Aim of the exercise
After finding the line with "Adidas Women's Go-To" in the data below, set down exactly each line through the one with "Lamellenlampe Typ 776 flieder von Horn", inclusive, and stop there.

Data shown
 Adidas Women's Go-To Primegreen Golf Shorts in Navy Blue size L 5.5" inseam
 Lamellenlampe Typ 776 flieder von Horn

==

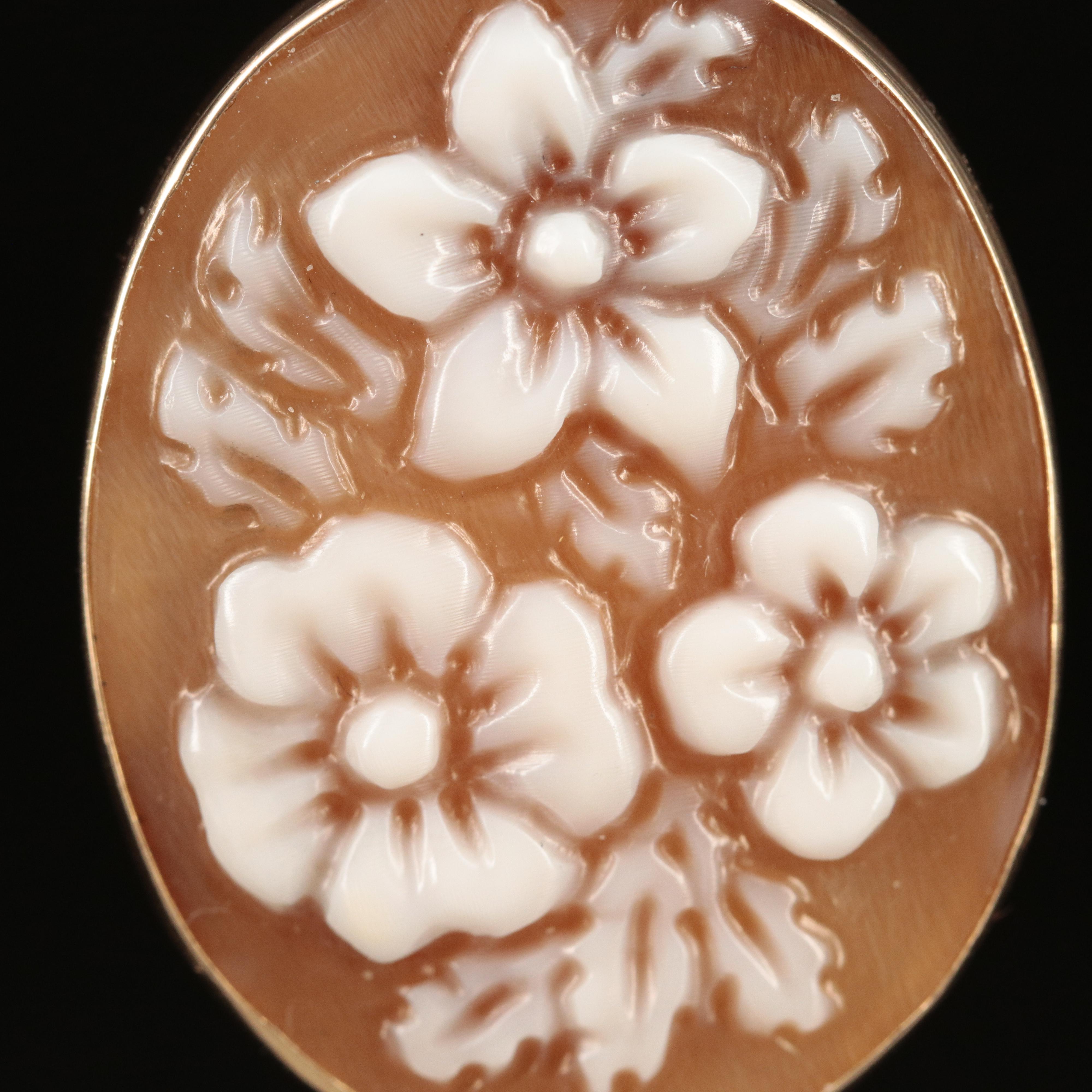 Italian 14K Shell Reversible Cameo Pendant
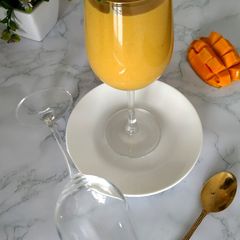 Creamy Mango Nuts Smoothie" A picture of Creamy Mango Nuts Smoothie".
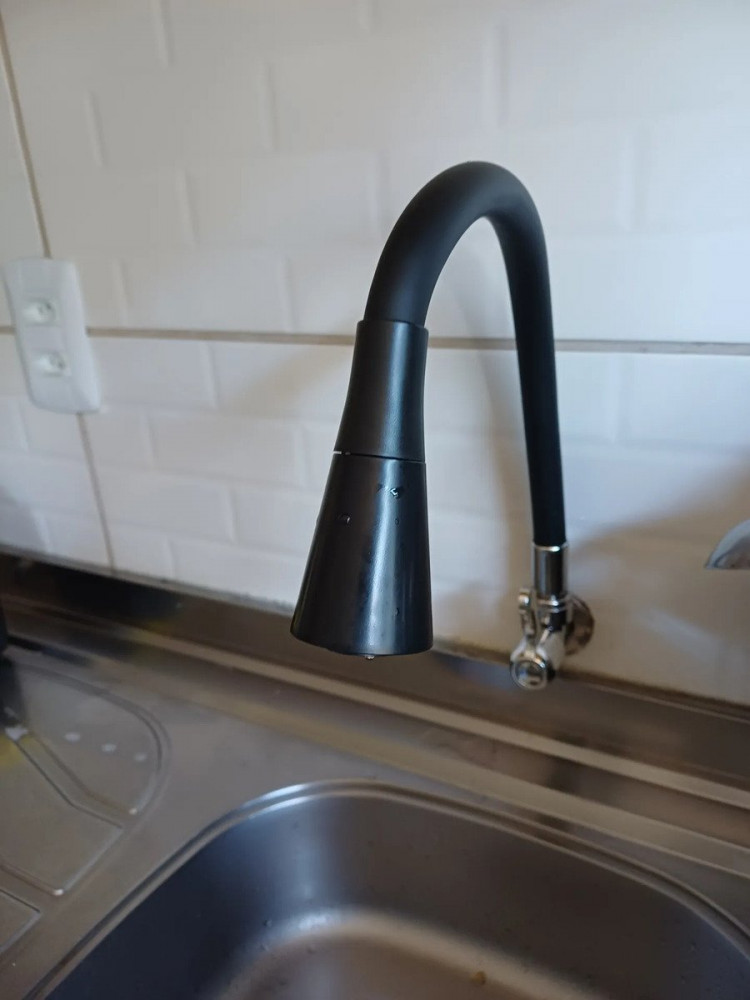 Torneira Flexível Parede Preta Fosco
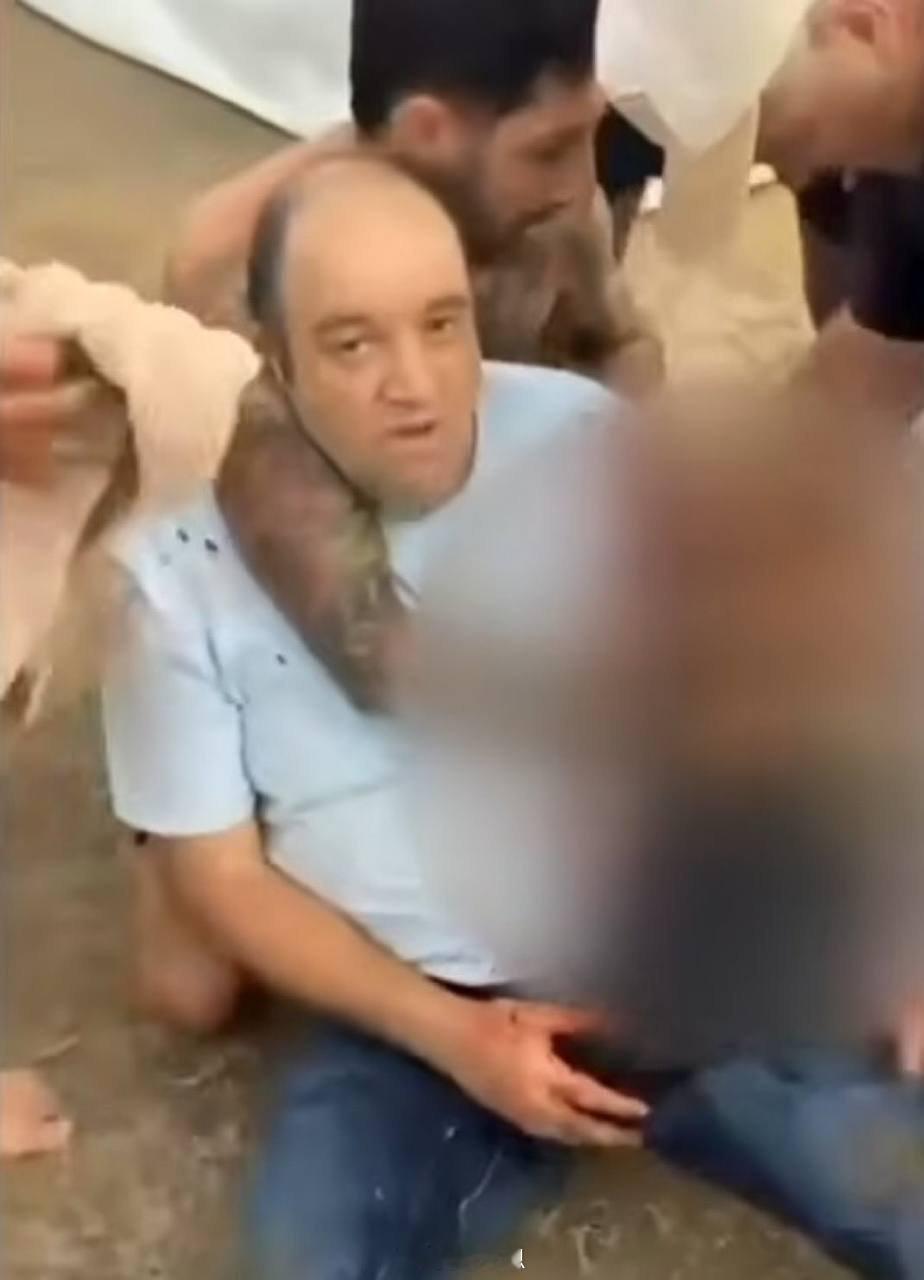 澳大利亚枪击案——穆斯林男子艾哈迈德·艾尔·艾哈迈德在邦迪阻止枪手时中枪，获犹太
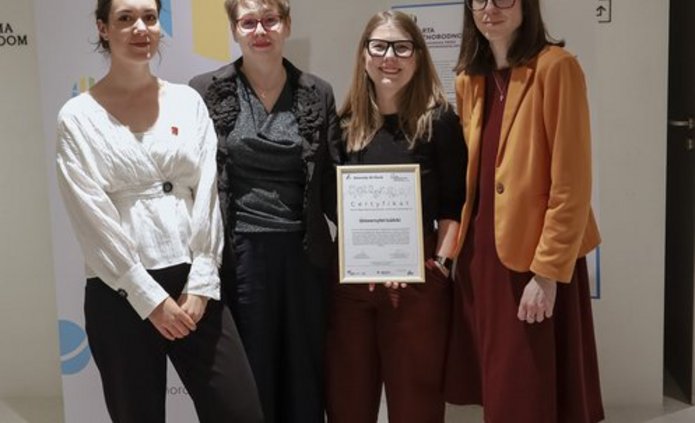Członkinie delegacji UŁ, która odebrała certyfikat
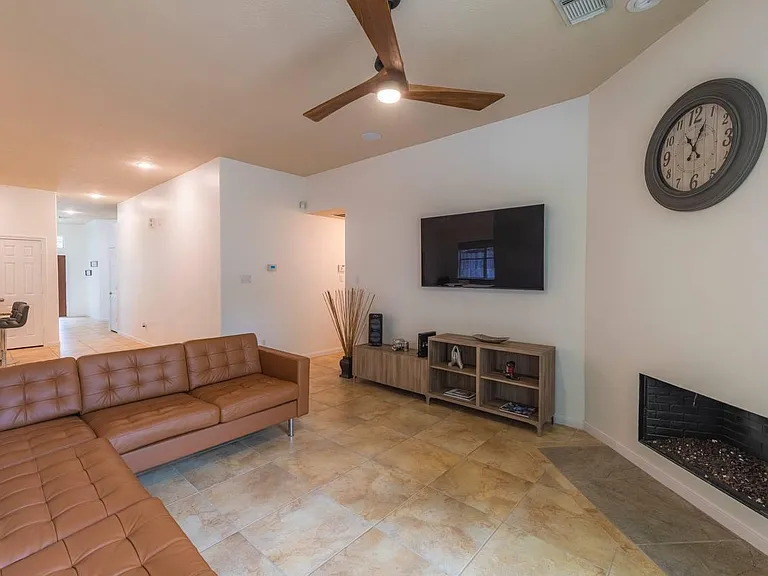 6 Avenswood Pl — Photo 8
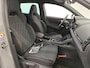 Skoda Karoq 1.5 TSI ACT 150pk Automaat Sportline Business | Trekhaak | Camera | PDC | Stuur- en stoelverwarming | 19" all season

Task response
 Adidas Women's Go-To Primegreen Golf Shorts in Navy Blue size L 5.5" inseam
 Lamellenlampe Typ 776 flieder von Horn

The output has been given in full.